Texas-born, of the old pioneer stock that was always tough and stubborn, he had been unfortunate. At seventeen years of age he had been apprehended for horse stealing. Also, he had been convicted of stealing seven horses which he had not stolen, and he had been sentenced to fourteen years’ imprisonment. This was severe under any circumstances, but with him it had been especially severe, because there had been no prior convictions against him. The sentiment of the people who believed him guilty had been that two years was adequate punishment for the youth, but the county attorney, paid according to the convictions he secured, had made seven charges against him and earned seven fees. Which goes to show that the county attorney valued twelve years of Ross Shanklin’s life at less than a few dollars.
Young Ross Shanklin had toiled terribly in jail; he had escaped, more than once; and he had been caught and sent back to toil in other and various jails. He had been triced up and lashed till he fainted had been revived and lashed again. He had been in the dungeon ninety days at a time. He had experienced the torment of the straightjacket. He knew what the humming bird was. He had been farmed out as a chattel by the state to the contractors. He had been trailed through swamps by bloodhounds. Twice he had been shot. For six years on end he had cut a cord and a half of wood each day in a convict lumber camp. Sick or well, he had cut that cord and a half or paid for it under a whip-lash knotted and pickled.
And Ross Shanklin had not sweetened under the treatment. He had sneered, and raved, and defied. He had seen convicts, after the guards had manhandled them, crippled in body for life, or left to maunder in mind to the end of their days. He had seen convicts, even his own cell mate, goaded to murder by their keepers, go to the gallows reviling God. He had been in a break in which eleven of his kind were shot down. He had been through a mutiny, where, in the prison yard, with gatling guns trained upon them, three hundred convicts had been disciplined with pick handles wielded by brawny guards.

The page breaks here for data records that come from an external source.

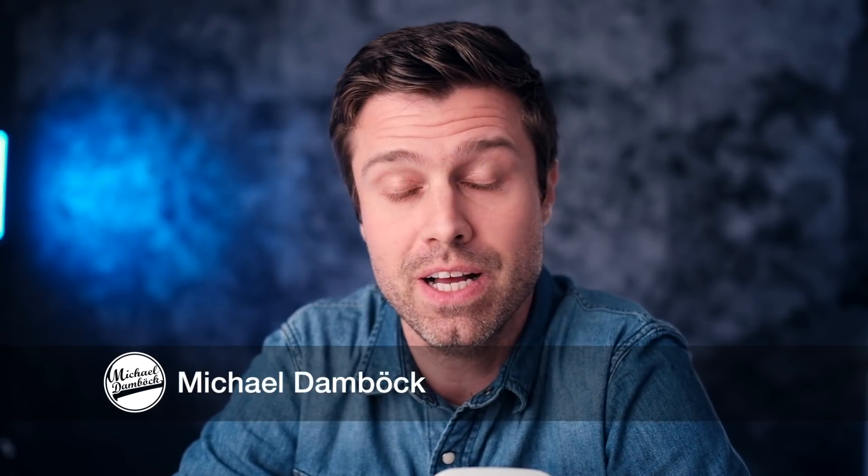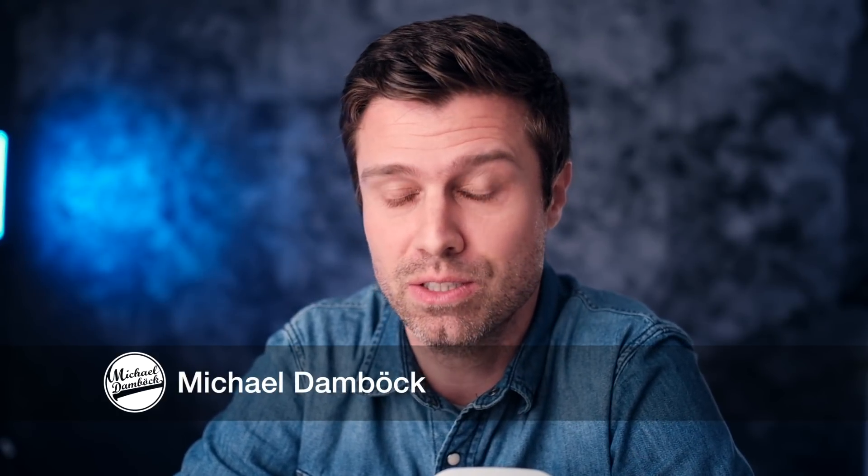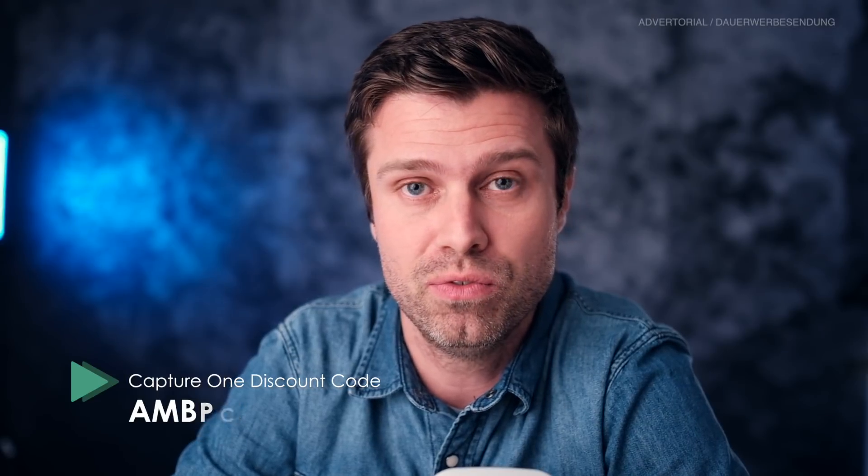What's up guys, my name is Michael and as you might have seen, today Capture One 12 has been released. I have been using Capture One 12 for two or three weeks and I can tell you a little bit about the changes and maybe help you decide if it's really worth upgrading or not.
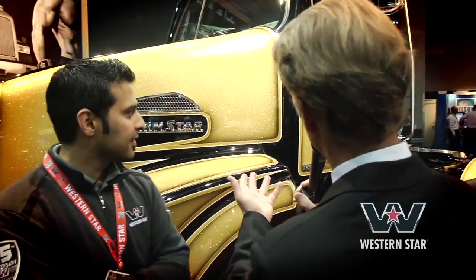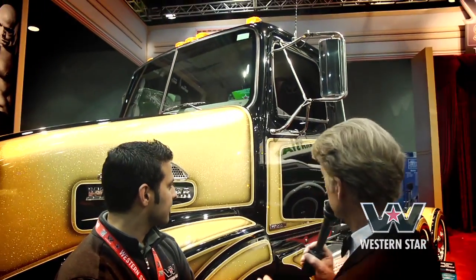So behind us we have the 4800 setback. Excellent paint job, by the way. You did it in your spare time, right? Absolutely, over the weekend. We can have some humor here too. Actually, we'll talk to the guys that are responsible for the paint coming up later.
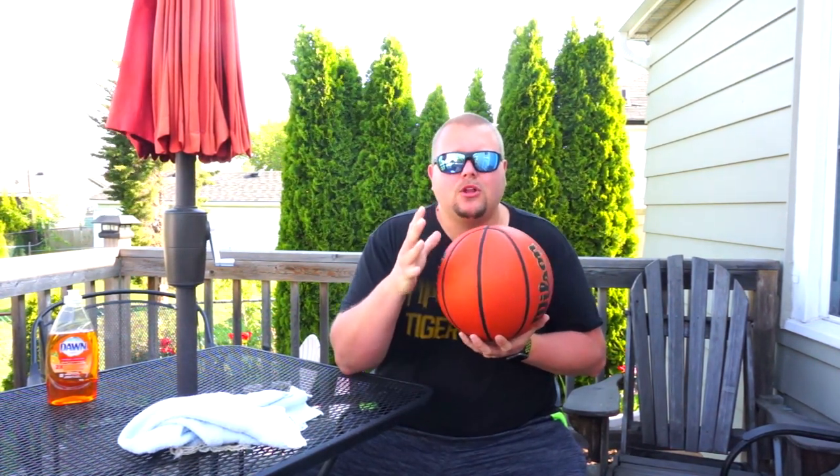The other day the NFHS just released a guideline as to what we should be doing once the high school basketball season resumes. One of the things they talked about in the massive book they sent out was that you should be cleaning a basketball as often as possible. I take from that probably between quarters or even at timeouts you might want to clean the basketball, and also during practice consistently. So today we're going to cover how to clean a leather basketball.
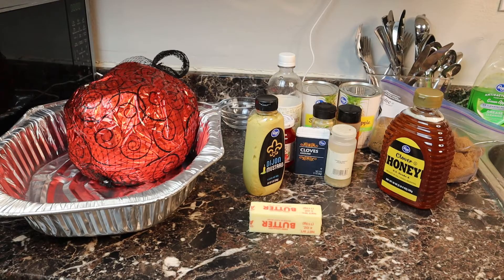Hey everybody, welcome back to Simply Savory. Happy holidays, I hope everybody is doing well. Today I'm going to show you how to make a ham for the Christmas holiday. These are all the ingredients and items you're going to need to make your ham.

He had known every infamy of human cruelty, and through it all he had never been broken. He had resented and fought to the last, until, embittered and bestial, the day came when he was discharged. Five dollars were given him in payment for the years of his labor and the flower of his manhood. And he had worked little in the years that followed. Work he hated and despised. He tramped, begged and stole, lied or threatened as the case might warrant, and drank to besottedness whenever he got the chance.